Monday, February 09, 2009

Afghanistan : Winning hearts, minds, and stomachs

Including stomachs sounds more in line with what Rory Stewart has been arguing for.

The Independent :
"The Obama administration today outlined a new campaign strategy for the war in Afghanistan, scaling back the ambitions of George Bush in a shift which senior officials and diplomats described as a "new realism".

Richard Holbrooke, Barack Obama's new envoy for Afghanistan, General James Jones, the new White House national security adviser, and General David Petraeus, the new commander of the Afghan campaign, all stressed that the US president's policy on the Taliban and al-Qaida would be governed by "attainable goals" matched by "adequate resources".

In the first major foreign policy speech from the new administration, the vice-president, Joe Biden, told a security conference in Munich that the strategic review on Afghanistan under way in Washington would "make sure that our goals are clear and achievable".

Notable by its absence in any of the speeches from the American team was any mention of building democracy in Afghanistan.
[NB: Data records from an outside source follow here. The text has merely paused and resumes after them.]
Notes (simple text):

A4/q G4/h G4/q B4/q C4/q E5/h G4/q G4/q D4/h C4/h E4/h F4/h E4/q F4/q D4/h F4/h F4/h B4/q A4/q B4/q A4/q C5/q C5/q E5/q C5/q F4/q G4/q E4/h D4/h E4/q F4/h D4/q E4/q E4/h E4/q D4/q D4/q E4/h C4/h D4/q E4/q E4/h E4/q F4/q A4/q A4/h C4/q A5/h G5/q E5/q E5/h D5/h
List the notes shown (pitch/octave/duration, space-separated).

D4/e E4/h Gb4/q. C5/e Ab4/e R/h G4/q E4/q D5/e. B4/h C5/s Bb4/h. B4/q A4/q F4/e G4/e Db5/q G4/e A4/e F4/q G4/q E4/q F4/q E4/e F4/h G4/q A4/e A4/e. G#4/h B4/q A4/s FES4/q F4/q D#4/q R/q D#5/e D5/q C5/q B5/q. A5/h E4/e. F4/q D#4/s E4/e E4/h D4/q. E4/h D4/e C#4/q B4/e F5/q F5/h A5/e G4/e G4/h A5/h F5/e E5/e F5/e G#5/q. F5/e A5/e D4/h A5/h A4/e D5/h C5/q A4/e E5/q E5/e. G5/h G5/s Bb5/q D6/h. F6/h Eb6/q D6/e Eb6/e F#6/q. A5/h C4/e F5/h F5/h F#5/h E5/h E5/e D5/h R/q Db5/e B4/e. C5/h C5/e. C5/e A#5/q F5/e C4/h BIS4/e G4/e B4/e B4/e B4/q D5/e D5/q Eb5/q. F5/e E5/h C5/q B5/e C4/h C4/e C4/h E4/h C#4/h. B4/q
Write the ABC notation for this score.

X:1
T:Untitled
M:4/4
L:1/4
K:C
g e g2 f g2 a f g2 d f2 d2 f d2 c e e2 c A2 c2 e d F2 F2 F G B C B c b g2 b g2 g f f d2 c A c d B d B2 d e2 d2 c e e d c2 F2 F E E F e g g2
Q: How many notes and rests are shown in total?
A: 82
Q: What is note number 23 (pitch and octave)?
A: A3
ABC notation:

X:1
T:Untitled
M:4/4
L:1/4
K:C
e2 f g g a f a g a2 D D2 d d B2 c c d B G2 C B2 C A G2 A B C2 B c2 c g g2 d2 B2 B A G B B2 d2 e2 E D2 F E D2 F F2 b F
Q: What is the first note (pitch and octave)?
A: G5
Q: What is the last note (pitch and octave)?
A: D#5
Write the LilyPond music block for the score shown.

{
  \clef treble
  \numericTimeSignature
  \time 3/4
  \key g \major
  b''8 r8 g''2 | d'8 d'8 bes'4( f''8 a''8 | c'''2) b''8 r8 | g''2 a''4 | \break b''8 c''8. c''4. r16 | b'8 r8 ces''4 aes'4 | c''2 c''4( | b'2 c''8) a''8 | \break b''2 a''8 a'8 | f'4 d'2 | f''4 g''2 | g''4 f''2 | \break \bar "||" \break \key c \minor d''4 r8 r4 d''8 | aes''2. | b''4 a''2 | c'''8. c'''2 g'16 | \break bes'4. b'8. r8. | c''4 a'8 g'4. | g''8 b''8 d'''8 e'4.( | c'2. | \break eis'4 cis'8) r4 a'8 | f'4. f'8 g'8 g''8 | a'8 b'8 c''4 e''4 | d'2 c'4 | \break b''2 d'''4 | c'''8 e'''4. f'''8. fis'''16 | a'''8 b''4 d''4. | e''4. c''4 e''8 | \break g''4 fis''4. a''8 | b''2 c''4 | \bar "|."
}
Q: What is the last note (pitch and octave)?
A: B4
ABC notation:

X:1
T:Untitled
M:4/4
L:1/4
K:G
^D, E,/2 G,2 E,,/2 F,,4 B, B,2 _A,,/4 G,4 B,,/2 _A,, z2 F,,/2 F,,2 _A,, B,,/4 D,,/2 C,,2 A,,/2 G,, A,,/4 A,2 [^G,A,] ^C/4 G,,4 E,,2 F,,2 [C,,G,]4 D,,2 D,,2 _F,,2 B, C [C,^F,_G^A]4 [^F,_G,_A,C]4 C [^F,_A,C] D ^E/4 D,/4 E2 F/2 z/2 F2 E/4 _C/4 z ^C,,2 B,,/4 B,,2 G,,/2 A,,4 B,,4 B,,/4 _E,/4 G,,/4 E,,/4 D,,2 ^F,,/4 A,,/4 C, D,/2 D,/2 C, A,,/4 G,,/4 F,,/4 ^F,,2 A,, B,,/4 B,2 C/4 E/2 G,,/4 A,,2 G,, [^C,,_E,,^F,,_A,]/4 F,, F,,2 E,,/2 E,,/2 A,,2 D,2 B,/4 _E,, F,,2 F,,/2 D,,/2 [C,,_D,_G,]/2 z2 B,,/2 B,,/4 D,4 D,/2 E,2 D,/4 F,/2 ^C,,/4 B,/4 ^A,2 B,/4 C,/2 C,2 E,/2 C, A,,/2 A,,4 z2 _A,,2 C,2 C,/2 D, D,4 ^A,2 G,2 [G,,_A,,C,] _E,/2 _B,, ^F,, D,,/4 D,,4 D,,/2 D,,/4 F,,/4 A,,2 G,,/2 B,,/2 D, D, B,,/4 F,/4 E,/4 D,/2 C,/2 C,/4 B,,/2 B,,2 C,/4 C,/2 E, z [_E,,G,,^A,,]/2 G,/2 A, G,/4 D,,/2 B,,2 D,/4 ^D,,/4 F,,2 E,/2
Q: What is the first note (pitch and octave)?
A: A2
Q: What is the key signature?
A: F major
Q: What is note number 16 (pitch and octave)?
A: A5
Instead, the emphasis was on creating sustainable security to try to prevent the Taliban from extending their grip on the country."

Good. I'm resigned to a continuation of US colonialism in Afghanistan with or without a NATO gloss. They can't unshit the bed but if it's not too late they can help change the sheets.

Whose stomachs are involved though?
DFAIT is pleased to boost Canadian companies to get in on the corporate action :
"Canadian companies that had to struggle to get a piece of the U.S. reconstruction of Iraq have been given a chance to avoid that problem in Afghanistan.

The federal public works department has issued a call for construction companies that might be interested in bidding on up to $100 million in upgrades to NATO's main air base in southern Afghanistan.
The United States is footing the bill ...
The work at Kandahar Airfield would involve "improvements to aircraft parking areas, the taxiway and the construction of an ammunition storage depot..."

You telling me there aren't any Afghan construction companies who could benefit from a contract to improve a parking lot?

And will KBR Canada , "with offices in Edmonton and Calgary" qualify?

KBR, formerly Kellogg Brown & Root and owned by Halliburton Co. , has just been awarded a $35 million Pentagon contract despite a $559 million fine for bribery in Nigeria, electrocuting US soldiers due to poor workmanship standards in Iraq, and running shell offices out of Cayman Islands box numbers to avoid paying taxes. Plus the alleged gang rapes and cover-ups among employees.

And reconstruction marches on. Strong stomachs will be required.

1 comment:

thwap said...

yeah, best to stop focusing on "democracy" since that hasn't worked after rigourous application.

Best to focus on security and stabilizing the unpopular government.